Le cours s’intitulait « Musique et grandes époques de l’art ».

À l’Université Laval, j’ai eu les oreilles et les yeux ouverts comme jamais en écoutant Pierre Lapalme (fils érudit et discret du grand Georges-Émile) raconter le monde par la rencontre de deux formes d’art. C’est l’histoire avec un grand H qui s’engouffrait du même coup, alors qu’elle était honteusement absente des écoles secondaires.

Plein d’informations peuvent rapprocher un peintre et un compositeur : un contexte historique, des parcours de vie, des influences, des préoccupations ou des sensibilités communes. Pierre Lapalme explorait tous ces passages, toutes les correspondances possibles, des plus objectives aux plus intimes.
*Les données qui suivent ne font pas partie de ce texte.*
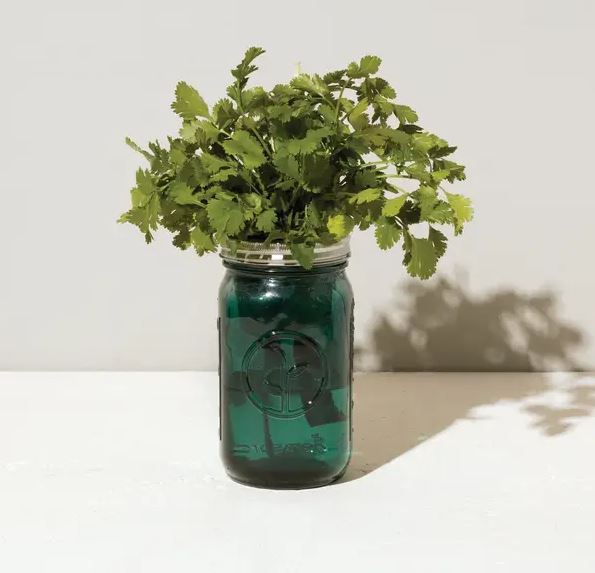 Garden Jar Herb Kit - Cilantro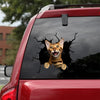 [da0495-snf-tnt]-bengal-cat-crack-car-sticker-cats-lover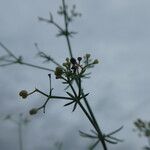 Galium pumilum 葉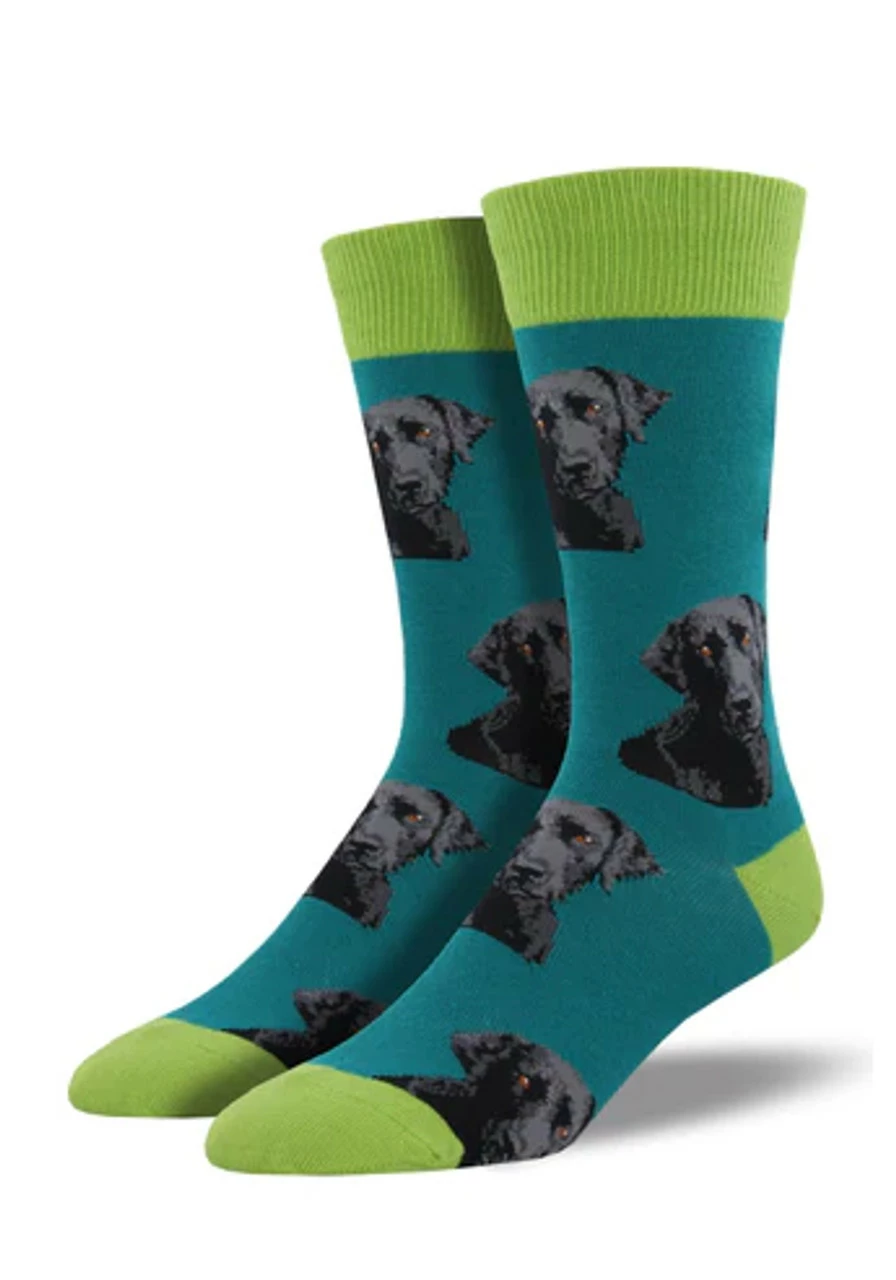 Top 10 π Socksmith Men's Lab Or Of Love 𧦠Socks - Teal π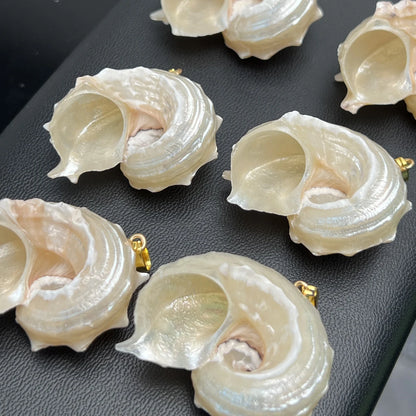 5pcs/set 25-40mm Natural White Shell Conch Shape Pendant Bohe Shell Charms for Jewelry Making DIY Necklace Earrings Accessories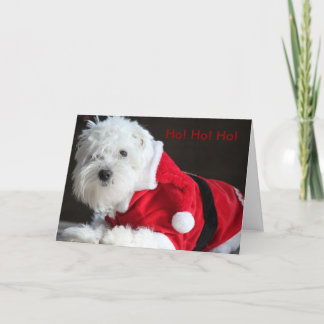 Cartes Pour Fêtes Annuelles Ho ! Ho ! Ho ! du chien de Père Noël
Correspondances, c’est justement le titre d’un poème de Baudelaire, souvent évoqué pour parler de la rencontre des arts :

Vaste comme la nuit et comme la clarté, Les parfums, les couleurs et les sons se répondent.

Le sulfureux Baudelaire parle certainement d’expérience sensorielle plus que de théorie esthétique : la véritable rencontre, c’est celle que nos sens reconnaissent.

La salle Bourgie du Musée des beaux-arts de Montréal propose d’ailleurs chaque saison des prolongements musicaux aux expositions présentées. « Cette question des correspondances entre les arts m’a hantée depuis le début, dit Isolde Lagacé, directrice de la salle depuis son ouverture en 2011. Je suis une grande amatrice d’art, mais assez généraliste, ayant une formation beaucoup plus solide en musique. Comment faire le lien ? Je me pose encore la question, mais ne suis plus gênée ! »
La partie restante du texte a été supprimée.